En outre, les nouveaux académiciens se contredisent sans s’en apercevoir. Ils distinguent le vraisemblable et l’invraisemblable, le bien et le mal. Mais de deux choses l’une : ou on ignore ce qui est vrai et ce qui est faux, ce qui est bien et ce qui est mal, et alors il faut dire que tout est incompréhensible ; ou on peut faire clairement cette distinction, soit par les sens, soit par la raison, et alors il faut dire avec les autres philosophes que tout est compréhensible.

Sextus Empiricus[3] reprend les mêmes arguments, et en ajoute un autre. Tandis que les académiciens distinguent des degrés dans la probabilité, les sceptiques déclarent que toutes les représentations sont égales, et qu’aucune ne mérite l’assentiment. Il est vrai que dans la vie pratique il faut choisir entre le bien et le mal. Mais ce choix, les académiciens le font parce que le bien leur paraît plus vraisemblable ; les sceptiques le font sans se prononcer, sans opinion (ἀδοξάστως), simplement pour ne pas rester inactifs. Par suite, on peut bien dire que sceptiques et académiciens donnent également leur assentiment à certaines représentations ; mais Carnéade et Clitomaque le donnent de propos délibéré, par réflexion ; ils le donnent de tout cœur[4] (μετὰ προσκλίσεως σφοδρᾶς). Les sceptiques suivent leurs idées sans conviction et sans choix ; ils se bornent à ne pas résister ; ils obéissent à la coutume et à leurs instincts, presque machinalement, comme l’enfant suit son pédagogue.
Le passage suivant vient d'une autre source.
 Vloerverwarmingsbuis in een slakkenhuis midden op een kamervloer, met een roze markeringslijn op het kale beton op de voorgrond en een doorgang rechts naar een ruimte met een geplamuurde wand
Nous ne sommes pas surpris que ces raisons n’aient pas paru décisives aux anciens, et qu’on ait persisté à mettre les académiciens et les sceptiques à peu près sur le même rang. Incontestablement la position prise par les sceptiques est au point de vue logique plus facile à défendre. N’affirmant rien au delà des phénomènes actuellement donnés, ils ne donnent aucune prise. Il est plus rigoureux de dire : Je ne sais pas s’il y a une vérité, que d’affirmer qu’il n’y en a pas. Mais si, négligeant la forme extérieure de l’argument, on va au fond des choses, il faut bien convenir que les deux théories reviennent au même[5]. Ni l’une ni l’autre n’accorde à l’esprit humain le pouvoir de connaître le vrai : et c’est là l’essentiel. Disons, si l’on veut, que les deux écoles ne diffèrent que comme les espèces d’un genre. Au surplus, nous avons vu qu’Ænésidème avait commencé par être académicien, et que son livre était dédié à un autre académicien, Tubéron.
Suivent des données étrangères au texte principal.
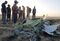 Workers Attend The Crash Site Of Ethiopian Airlines ET302 Flight To Nairobi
Quant à l’assentiment que réclame la vie pratique, la distinction faite par Sextus a son importance. Toutefois, que ce soit pour une raison ou pour une autre, il est certain que sceptiques et académiciens donnent en certains cas leur assentiment, et en cela ils se ressemblent C’est parce que nous y sommes forcés par les exigences de la vie pratique, disent les sceptiques. Mais ce n’est pas pour une autre raison que les académiciens, du moins ceux qui suivent Clitomaque, préfèrent aux autres les représentations qui s’accordent entre elles. Il y a une différence, si l’on veut, puisque le choix imposé par les conditions de l’action est guidé chez les académiciens par une règle, laissé au hasard ou au caprice de la coutume chez les sceptiques : mais il faut beaucoup de bonne volonté pour voir là une distinction capitale.
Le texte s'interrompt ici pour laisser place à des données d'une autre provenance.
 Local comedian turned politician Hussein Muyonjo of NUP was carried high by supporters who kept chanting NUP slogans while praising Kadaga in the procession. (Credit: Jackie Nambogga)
Bien mieux, le scepticisme, dans sa dernière période, n’a-t-il pas fait à peu près la même chose, lorsqu’il a cherché dans l’expérience, dans la reproduction constante des mêmes séries de phénomènes, un moyen d’en prévoir le retour ? Ce n’est pas la science, si on veut, mais c’est une sorte de probabilité. L’association des idées, telle que la décrit Sextus, ressemble de bien près à l’accord des idées tel que le définit Carnéade.

On peut donc dire que Sextus, embarrassé par le formalisme sceptique, et cherchant des différences dans les termes mêmes dont se servaient les académiciens, a mal défendu sa cause. C’est moins dans les formules qu’il faut chercher la différence entre les deux écoles que dans l’esprit qui les anime, dans leurs tendances, dans leurs méthodes.


II. Parmi les modernes, plusieurs historiens ne les regardent pas comme fort éloignées l’une de l’autre. Bayle les confond à peu près : Zeller n’est pas loin d’en faire autant[6]. Cependant l’historien anglais Maccoll[7] se prononce dans un sens tout différent : et les raisons qu’il invoque valent la peine d’être examinées.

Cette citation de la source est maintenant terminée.